In Psalm 34:1, David says “I will bow down to the Lord, bow down always and constantly speak his praises”, it must be understood that as we bow down, our hearts are continually raised to God. We often allow other people to impose and define our relationship with God and by so doing we surrender our own innate, God given ability to respond to God through worship. When we look at the life of the worshipper today in contrast to the above mentioned verse, we come to realise that we have sacrificed personal worship for corporate worship. Yet, worship is intimate and personal, between God and the worshipper before it is corporate. No church should prescribe how one should respond to God in worship and adoration, that prerogative should be left to the dictates of the indwelling spirit of God.
The scriptures are very clear on worship. There are several Hebrew words found in scripture that describe the attitude and art of worship. In this article, we will not do an exhaustive morphological analysis of the words but simply give the meaning and the reference:
1. Halal – to boast, to brag. To brag about God to a point of appearing foolish. This is an outcry of excitement to God (Psalm 63:3-4).
2. Tehillah – to sing ALOUD (Isaiah 61:3, Psalm 22:3).

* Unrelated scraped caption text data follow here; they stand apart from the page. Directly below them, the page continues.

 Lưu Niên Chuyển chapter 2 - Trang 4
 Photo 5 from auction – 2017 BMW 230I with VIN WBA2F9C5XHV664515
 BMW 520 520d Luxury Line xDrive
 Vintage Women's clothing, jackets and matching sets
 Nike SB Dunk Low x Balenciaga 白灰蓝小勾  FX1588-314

3. Guul – to spin around under the influence of a violent emotion (Psalm 32:11, Psalm 118:24).
4. Todah – the extension of hands I’m adoration (Psalm 35:9).

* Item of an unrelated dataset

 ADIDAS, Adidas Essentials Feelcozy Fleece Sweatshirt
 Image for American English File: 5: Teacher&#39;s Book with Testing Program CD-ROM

5. Chagag – to move in a circle, to celebrate in a dance (1 Samuel 30:16, 17).
6. Karar – to dance. David dances before the Lord with all his might while wearing line ephod (1 Samuel 6:14).
7. Macha – to rub ; to strike hands together; to clap (Psalm 47:1, Psalm 98:8).
8. Barak – to kneel down, to give reverence (Psalm 96:6, Psalm 34:1).
From these scriptures we are shown how versatile worship is and the only reason we are limited in our expression of worship is because of other people’s preferences and impositions. These Hebrew words for praise and worship describe in detail that worship is both the internal state of being and the outward performances expressed in various ways including making a loud noise, lifting of hands, going around in circles, clapping of hands, kneeling down, dancing, jump for joy and paying attention. All these are the various ways in which we can express ourselves in worship.
“The only reason we are limited in our expression of worship is because of other people’s preferences and impositions” – Pastor Luvuyo Veli
I am intrigued by the Greek version of worship (proskuneo) which means to pay homage to the divine. It has an idea of a person who is continually crawling towards the object of their worship. It is indicative of a dog that kisses the hand of its owner. It denotes that worship is a continual expression of appreciation to God for creating and sustaining our lives. Worship is a sacrificial service of good things to God and to others and this is the idea embedded in patreo and traskeia. (Read: Acts 7:42, Acts 24:14, Phil 3:3, James 1:26-27)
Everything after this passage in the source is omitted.